Search code examples
rhistogramtypechecking

R Type Checking


I have yet another R question. I am trying to do some type checking, but cannot exactly figure out what I am doing wrong.

I am trying to create a histogram for each level of y. So for instance, I want to create overlaying histograms of the iris data species and their sepal widths, etc

Here is what I have thus far:

    #if x isn't numeric
    if(!is.numeric(x)){
    #if y isn't a factor
    }else if(!is.factor(y)){
    #if the length of x isn't equal to y
    }else if(nChar(x) != nChar(y)){
    #error message
    stop('x is not numeric/y is not a factor/both x and y are the same                  length')
}
#otherwise create histogram
#testing with iris data set
hist(y, main = "Iris Species", xlab = "Sepal Width", col = "orange", border   ="blue")

Solution

  • I usually use stopifnot() for this, so that you check the simplest condition first then proceed to the more complex; you don't want to test all of them at once if the first one is invalid:

    stopifnot(is.numeric(x))
    stopifnot(is.factor(y))
    stopifnot(length(x) == length(y))
    

    Alternatively, doing all of this in one go:

    if(!(is.numeric(x) && is.factor(y) && length(x)==length(y))){
        stop("your error message")
    }
    

    Now it's not clear to me why you're testing y here at all, as there is no 'y' argument to hist(). Perhaps you were planning to plot separate histograms for x for each level of y?

    If so, you should be able to adapt the following:

    x <- iris$Sepal.Width
    y <- iris$Species
    l1 <- length(levels(y))
    ## temporarily change plotting parameters
    op <- par(mfrow = c(1, l1))
    for (i in 1:l1){
        hist(x[y == levels(y)[i]],
             main=paste0("Iris Species: ", levels(y)[i]),
             xlab = "Sepal Width",
             col="orange",
             border="blue")
    }
    par(op)
    

    giving:

    enter image description here

    I am not aware of an nChar function in R; length() is normally used for this.

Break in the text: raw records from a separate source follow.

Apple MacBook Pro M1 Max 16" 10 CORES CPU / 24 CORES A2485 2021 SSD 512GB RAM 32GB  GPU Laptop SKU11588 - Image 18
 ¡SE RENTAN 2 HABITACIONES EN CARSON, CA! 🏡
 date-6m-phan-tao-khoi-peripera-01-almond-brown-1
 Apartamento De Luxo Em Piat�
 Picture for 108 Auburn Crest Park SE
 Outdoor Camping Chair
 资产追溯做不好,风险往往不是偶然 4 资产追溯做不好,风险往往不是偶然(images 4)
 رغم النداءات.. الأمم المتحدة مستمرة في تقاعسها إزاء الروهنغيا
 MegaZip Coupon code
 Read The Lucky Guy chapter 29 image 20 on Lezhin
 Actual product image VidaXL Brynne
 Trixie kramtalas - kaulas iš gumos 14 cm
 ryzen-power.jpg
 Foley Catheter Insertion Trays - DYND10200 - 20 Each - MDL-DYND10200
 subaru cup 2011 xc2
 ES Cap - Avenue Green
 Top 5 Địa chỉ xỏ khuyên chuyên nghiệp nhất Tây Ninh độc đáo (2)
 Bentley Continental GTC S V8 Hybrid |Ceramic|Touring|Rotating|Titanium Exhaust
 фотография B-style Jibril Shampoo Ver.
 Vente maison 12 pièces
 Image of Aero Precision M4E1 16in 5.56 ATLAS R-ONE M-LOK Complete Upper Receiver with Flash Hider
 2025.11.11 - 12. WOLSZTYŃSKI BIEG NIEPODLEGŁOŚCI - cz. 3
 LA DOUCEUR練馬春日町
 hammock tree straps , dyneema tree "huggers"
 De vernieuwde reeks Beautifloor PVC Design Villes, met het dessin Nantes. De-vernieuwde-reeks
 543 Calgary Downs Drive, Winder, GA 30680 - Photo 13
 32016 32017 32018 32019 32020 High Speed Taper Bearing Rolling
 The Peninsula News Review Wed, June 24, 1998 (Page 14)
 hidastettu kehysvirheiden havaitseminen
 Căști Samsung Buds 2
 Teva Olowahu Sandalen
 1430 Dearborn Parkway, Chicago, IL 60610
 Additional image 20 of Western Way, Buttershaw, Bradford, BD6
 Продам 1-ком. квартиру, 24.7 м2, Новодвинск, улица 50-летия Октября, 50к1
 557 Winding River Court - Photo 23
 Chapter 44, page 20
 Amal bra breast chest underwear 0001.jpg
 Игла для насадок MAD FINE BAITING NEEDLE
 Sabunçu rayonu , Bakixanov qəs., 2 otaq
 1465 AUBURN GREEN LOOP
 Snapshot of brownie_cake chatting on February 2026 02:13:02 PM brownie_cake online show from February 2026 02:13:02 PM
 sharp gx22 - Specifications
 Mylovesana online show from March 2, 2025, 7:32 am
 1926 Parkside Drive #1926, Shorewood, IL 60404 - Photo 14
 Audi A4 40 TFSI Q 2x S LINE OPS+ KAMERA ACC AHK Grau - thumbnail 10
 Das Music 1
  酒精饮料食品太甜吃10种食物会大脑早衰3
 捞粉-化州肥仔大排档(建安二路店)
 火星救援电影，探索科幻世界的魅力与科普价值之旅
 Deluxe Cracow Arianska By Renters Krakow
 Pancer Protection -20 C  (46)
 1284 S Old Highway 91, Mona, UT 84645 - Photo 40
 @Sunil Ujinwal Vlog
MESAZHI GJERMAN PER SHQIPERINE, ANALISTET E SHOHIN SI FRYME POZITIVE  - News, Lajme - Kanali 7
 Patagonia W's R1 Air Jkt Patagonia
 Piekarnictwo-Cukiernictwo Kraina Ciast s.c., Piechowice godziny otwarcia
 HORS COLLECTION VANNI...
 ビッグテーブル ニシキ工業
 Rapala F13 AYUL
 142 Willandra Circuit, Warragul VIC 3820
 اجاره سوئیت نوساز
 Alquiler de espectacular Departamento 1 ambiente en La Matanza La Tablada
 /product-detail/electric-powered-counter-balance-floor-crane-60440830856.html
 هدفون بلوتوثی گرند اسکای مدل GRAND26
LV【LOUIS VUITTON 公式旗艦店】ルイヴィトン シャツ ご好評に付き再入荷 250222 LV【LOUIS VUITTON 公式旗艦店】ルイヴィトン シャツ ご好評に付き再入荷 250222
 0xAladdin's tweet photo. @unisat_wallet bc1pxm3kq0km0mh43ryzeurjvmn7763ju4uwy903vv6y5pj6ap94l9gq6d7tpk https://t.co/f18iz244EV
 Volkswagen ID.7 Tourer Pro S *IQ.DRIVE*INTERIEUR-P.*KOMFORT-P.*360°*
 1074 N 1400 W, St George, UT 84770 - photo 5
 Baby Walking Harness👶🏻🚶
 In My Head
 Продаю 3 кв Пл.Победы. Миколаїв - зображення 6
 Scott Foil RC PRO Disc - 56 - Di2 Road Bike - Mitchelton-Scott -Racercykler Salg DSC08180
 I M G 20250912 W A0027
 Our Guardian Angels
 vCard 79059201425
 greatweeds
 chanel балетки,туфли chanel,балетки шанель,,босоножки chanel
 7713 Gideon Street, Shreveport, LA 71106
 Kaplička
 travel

    Here's the overlapping approach. Note that for loops are often easier to read than apply and the loss in speed is likely to be relatively small.

    for (i in 1:l1){
        hist(x[y == levels(y)[i]],
             ## main=paste0("Iris Species: ", levels(y)[i]),
             main="Iris Species: ",
             xlab = "Sepal Width",
             col=i+1,
             add=!(i==1))
    }
    legend(x=4, y=25, legend=levels(y), fill=1+(1:l1))
    

    giving:

    enter image description here